§ **YOUR INSTRUCTIONS**: Line by line, repeat the material below exactly and skip the images.

§ **DATASET EXTRACT**:
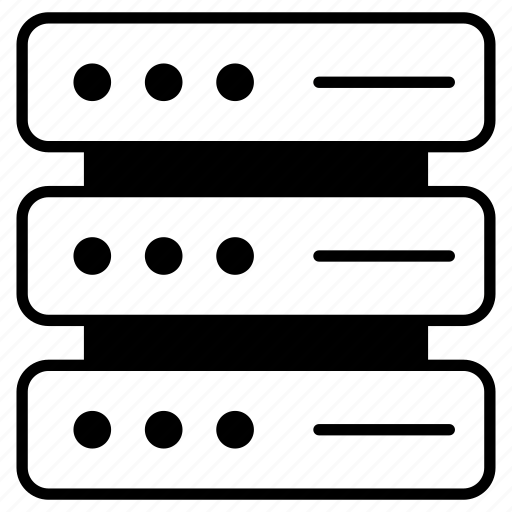 Data, server, database, datacenter, rack, storage, hosting icon - Download on Iconfinder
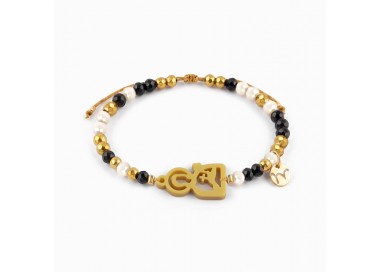 Santa Gema. Pulsera Dorada.
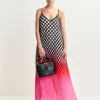 EA Hyacinth Pleated Maxi Dress in Virtual Pink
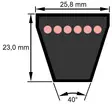 Keilrem 8V 1400, 3556 mm - Remmar och tillbehör - 4014486060157 - 2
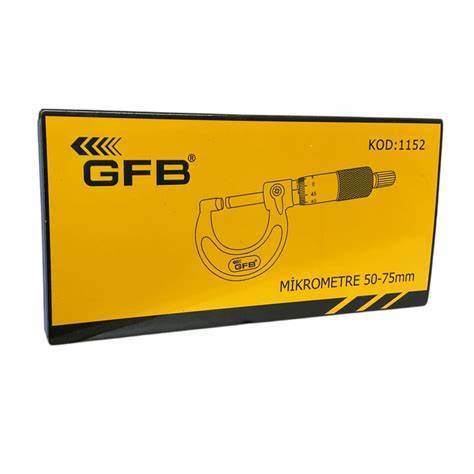 GFB DIŞ ÇAP MiKROMETRESi 50-75X0.01 MM KOD:1152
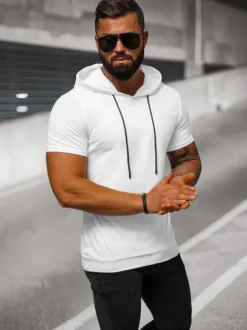 Discount Herren T-Shirt JS/8T955/1 Herren T-shirts Mit Kapuze | T-shirts Ohne Print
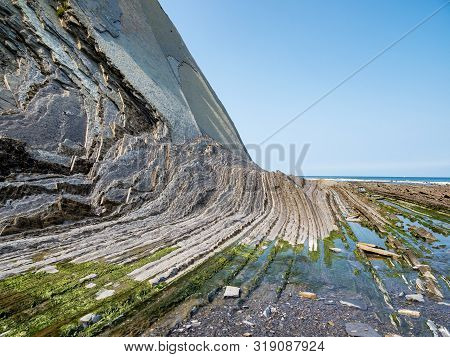 The Flysch Coast Of Sakoneta, Zumaia - Basque Country, Spain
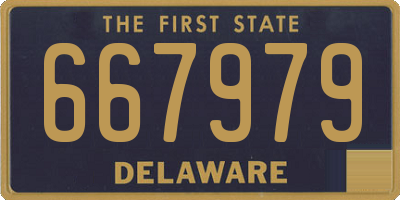 DE license plate 667979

§ **EXERCISE RESULT**:
 Data, server, database, datacenter, rack, storage, hosting icon - Download on Iconfinder
 Santa Gema. Pulsera Dorada.
 EA Hyacinth Pleated Maxi Dress in Virtual Pink
 Keilrem 8V 1400, 3556 mm - Remmar och tillbehör - 4014486060157 - 2
 GFB DIŞ ÇAP MiKROMETRESi 50-75X0.01 MM KOD:1152
 Discount Herren T-Shirt JS/8T955/1 Herren T-shirts Mit Kapuze | T-shirts Ohne Print
 The Flysch Coast Of Sakoneta, Zumaia - Basque Country, Spain
 DE license plate 667979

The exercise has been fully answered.